Saturday, June 27, 2009

Review : The Satanic Mill by Otfried Preussler

Author : Otfried Preussler
Publisher : Macmillan Publishing Co.
Publication Date : 1972
Genre : Children's Chapter Book
ISBN : 0-8446-6196-1
Series : No
Rating : 3

From Paperbackswap :

In seventeenth-century Germany, a boy desperately wants to escape from a school for Black Magic where he is held captive by demonic forces.

Review :

Krabat has been a beggar boy for the better of a year, traveling from town to town with his two companions dressed as one of the Three Kings. They sing songs for local towns people for mere pennies, and eat and sleep in the barns of the local farmers. He was not always a beggar boy. His parents died, and living with the local pastor was just too much on him, so he ran away.

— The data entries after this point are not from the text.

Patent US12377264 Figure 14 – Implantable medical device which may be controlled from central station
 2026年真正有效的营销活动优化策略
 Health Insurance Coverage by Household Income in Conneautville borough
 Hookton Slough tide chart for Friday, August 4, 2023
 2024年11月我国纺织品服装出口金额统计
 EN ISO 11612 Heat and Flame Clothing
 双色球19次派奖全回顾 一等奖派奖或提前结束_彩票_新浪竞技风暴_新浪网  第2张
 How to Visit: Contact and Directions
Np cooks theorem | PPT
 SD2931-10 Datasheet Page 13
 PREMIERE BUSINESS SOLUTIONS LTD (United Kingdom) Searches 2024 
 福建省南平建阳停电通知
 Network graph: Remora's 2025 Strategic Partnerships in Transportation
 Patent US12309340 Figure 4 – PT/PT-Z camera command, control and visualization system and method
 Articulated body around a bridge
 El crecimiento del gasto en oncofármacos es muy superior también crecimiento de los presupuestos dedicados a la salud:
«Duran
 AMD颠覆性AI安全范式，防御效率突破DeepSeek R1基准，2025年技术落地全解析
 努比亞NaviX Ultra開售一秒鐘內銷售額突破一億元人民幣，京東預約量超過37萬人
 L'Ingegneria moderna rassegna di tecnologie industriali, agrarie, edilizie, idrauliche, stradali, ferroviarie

Krabat is plagued by dreams of a voice, telling him to come to the mill in the Kosel of Fen, although he knows not where this is. He ignores it for the better of two days, and on the third day he decides he must go to this mill. On arriving at the mill he is met by the Miller, he informs Krabat that he will be his apprentice, and gives him room and board. He awakes in the middle of the night to eleven ghostly faces, claiming they are the Miller's journeymen, and for not to fear because they will not harm him.

It is not long before Krabat realizes that things are very strange here at the mill in the Kosel of Fen, and he's determined to find out what is going on. It is not right for young men to be able to do magic, although it is quite helpful at times, and he must know everything that is happening, and why.

This was yet another book that was dropped into my hands by a friend from work. He insisted that it was an excellent book, and that I just "had to read it". I picked it up not even two days ago, and started digging into it. I soon realized, that yes, it was good. I enjoyed the aspect of magic from this book, although there was quite a lot of repetition, and that began to grow annoying for me. The book is set into three parts, each being what goes on in Krabat's three years of being at the Mill. Each part was basically the same, although characters changed, and some events were a little different, or just explained more. I had to give this book a 3 for rating, because yes, I did like it, but it's not something I could say I loved.


Jessica said...

Great review. The premise sounds interesting... and creepy. :) Come over to my blog and grab your award!

Anonymous said...

I cannot agree completely and can't quite understand how anyone can read this outstanding book and not give it the highest rating. It's a masterpiece of literature, it combines a great story of friendship, trust, death, sacrifice and love with suspense and a lot of proficient knowledge about witchcraft, superstition and folklore in Germany. The knowledge of the author about german superstition shows in what you describe as annoying repetition; repetition of certain rituals is an important part in superstitious and magic actions. By describing the magic acts that the boys have to perform each year at certain times of the year the author creates the atmosphere of compulsion and enforcement to which the boys at the mill are spell bound. The book doesn't just describe a story of magic, it's structure does copy the magic rituals of which it speaks. This structure is necessary to show the neverending circle of magic and death in which the boys are caught, because the question to which the book leads is; will they be able to escape the circle of repetition of magic that will eventually lead to the brutal death of each of them, or will they be able to break the circle?
If I'd had to choose just one book that I could keep, I wouldn't have to think twice. I read this book at least ten times and will never get bored to read it.
And DON'T watch the movie! Dont! It's not even a bad copy of this brillant piece of literature! The book lives from the images it creates in your head, don't spoil it by watching a lame movie done by someone who didn't have a clue what a gem he butchered by squeezing it in a 90-minute movie!